Члены же комиссии, оставаясь вне диктата генерального секретаря, обнародовали согласованный в комиссии проект решения. Еще более независимым от диктата Горбачева стало массовое движение в Прибалтике за осуждение сговора, выраженного в секретных протоколах. Живая цепочка, соединившая 23 августа 1989 г. – в день 50-летия “пакта Молотова-Риббентропа” – Таллинн, Ригу и Вильнюс, обозначила более высокий этап борьбы республик Прибалтики за свое понимание истории. А поскольку официальная Москва хранила молчание по поводу сговора 1939 г., острие борьбы стало поворачиваться против центра и всего образования “СССР”, да и накал самой борьбы приобрел более высокую температуру, будто бы поднятую пламенем свечей в руках участников “живой цепочки”.

Так, с интервалом в один год, вторая упущенная возможность повести события за собой обернулась тем, что центр оказался в хвосте очистительного процесса. К сожалению, и это была не последняя из упущенных возможностей использовать дискуссию по секретным протоколам не во вред, а на пользу союзного государства. Следующая упущенная возможность была связана с ограниченным пониманием смысла всего решения о признании и осуждении секретных протоколов.

Когда весной 1989 г. активизировалась полемика вокруг вопроса о сговоре Гитлера со Сталиным, довольно скоро стало ясно, что для какой-то части инициаторов дискуссии главным был не поиск исторической точности, а использование осуждения секретных протоколов в качестве рычага, опрокидывающего решения 1940 г. о вхождении Прибалтики в состав СССР. С этим, в частности, было связано требование признания недействительным “пакта Молотова-Риббентропа” с самого начала, то есть с момента заключения. Таким путем предполагалось отменить действие всех актов 1939 – 1941 гг., поскольку, дескать, они вытекают из признанного недействительным секретного протокола.

Не вдаваясь в юридическую обоснованность такого подхода, следует сказать о его политических производных. По сути дела, всю сложность отношений республик с Союзом, между крупными социальными и национальными силами в республиках он сводил к простому противопоставлению оккупированных и оккупантов. За бортом оставались поколения людей, родившихся за минувшие полвека, для которых Прибалтика была

стр. 80


родиной. Сбрасывались со счетов новые реалии, которые могли быть выявлены только путем референдума или другого волеизъявления общества, а не осуждением прошлой политики. Логика осложнявшейся политической жизни требовала рассматривать решения по 1939 году не как самоцель, а как промежуточный этап в борьбе за будущее решений 1940 года, то есть по вопросу о пребывании Прибалтики в составе СССР. Поэтому даже прибалтийские участники комиссии говорили о целесообразности продлить ее полномочия для рассмотрения проблем 1940 года.

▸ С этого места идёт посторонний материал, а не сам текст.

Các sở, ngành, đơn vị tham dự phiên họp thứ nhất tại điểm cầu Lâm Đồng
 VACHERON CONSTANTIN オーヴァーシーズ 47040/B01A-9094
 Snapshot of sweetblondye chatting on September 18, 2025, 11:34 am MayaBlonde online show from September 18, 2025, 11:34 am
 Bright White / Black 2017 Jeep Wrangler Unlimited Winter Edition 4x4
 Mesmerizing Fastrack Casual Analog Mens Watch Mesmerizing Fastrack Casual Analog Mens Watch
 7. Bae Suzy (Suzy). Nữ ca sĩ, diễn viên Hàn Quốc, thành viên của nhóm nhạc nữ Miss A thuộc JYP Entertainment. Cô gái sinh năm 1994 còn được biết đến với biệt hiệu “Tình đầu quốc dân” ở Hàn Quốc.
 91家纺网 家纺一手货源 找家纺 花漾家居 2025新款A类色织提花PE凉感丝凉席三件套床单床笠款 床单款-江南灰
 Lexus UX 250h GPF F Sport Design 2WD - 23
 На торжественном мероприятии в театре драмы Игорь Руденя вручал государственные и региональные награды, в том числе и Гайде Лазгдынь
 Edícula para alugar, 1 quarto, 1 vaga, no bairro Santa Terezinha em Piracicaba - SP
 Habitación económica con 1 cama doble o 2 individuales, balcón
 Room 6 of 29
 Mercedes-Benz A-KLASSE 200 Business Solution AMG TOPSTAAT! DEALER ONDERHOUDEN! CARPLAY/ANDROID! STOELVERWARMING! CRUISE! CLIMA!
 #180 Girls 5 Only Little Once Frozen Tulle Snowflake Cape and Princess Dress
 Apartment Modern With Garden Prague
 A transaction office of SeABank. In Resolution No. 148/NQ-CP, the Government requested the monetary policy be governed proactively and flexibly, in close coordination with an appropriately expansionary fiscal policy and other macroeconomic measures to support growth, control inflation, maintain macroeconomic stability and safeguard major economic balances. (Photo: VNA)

Когда же комиссия по 1939 году подошла к завершению своей работы, то лидеры движения за независимость Прибалтики поняли, что в их интересах рассматривать решения по секретным протоколам в качестве заключительного аккорда всей дискуссии, и прекратили разговоры о продлении мандата комиссии. Таким образом, они получали свободу маневра в интерпретации смысла осуждения “пакта Молотова-Риббентропа” и могли трактовать его как отказ от актов 1940 года.

Московские политики либо не поняли этого, либо вообще оказались не в состоянии оценить силу того решения, которое они отдавали на откуп собственным оппонентам из трех прибалтийских республик. Сказалась и еще одна сторона субъективных обстоятельств – разочарованность и усталость тех деятелей, которым центр поручил отстаивать свои интересы. В аппарате комиссии была разработана позиция по продлению мандата и обновлению ее состава с расчетом на обсуждение проблем 1940 года. Предложения неоднократно докладывались Фалину, направлялись Яковлеву. Но Фалин однозначно сказал, что не намерен участвовать в этой работе. О таком же отношении к комиссии ему сказал и Яковлев. Причина такого подхода просматривалась в том непонимании, с которым воспринимал ход и итоги работы комиссии Горбачев и что явственно проявлялось в его действиях.

Думаю, что для Горбачева создание комиссии было попыткой утопить вопрос в бесконечных обсуждениях. Когда же комиссия единогласно, включая “его людей” Яковлева и Фалина, сформировала проект решения, Горбачев “заморозил” предложение, настоял на его переработке, оттянул принятие. Выражением его неудовольствия стала и полная отстраненность от дискуссии по этому вопросу на Съезде народных депутатов. Будучи по натуре капризным максималистом, он, видимо, считал отход Яковлева и Фалина от задуманного им сценария не проявлением политической гибкости, а отступлением от его поручений, за что, естественно, оба должны были поплатиться, хотя бы снижением расположения.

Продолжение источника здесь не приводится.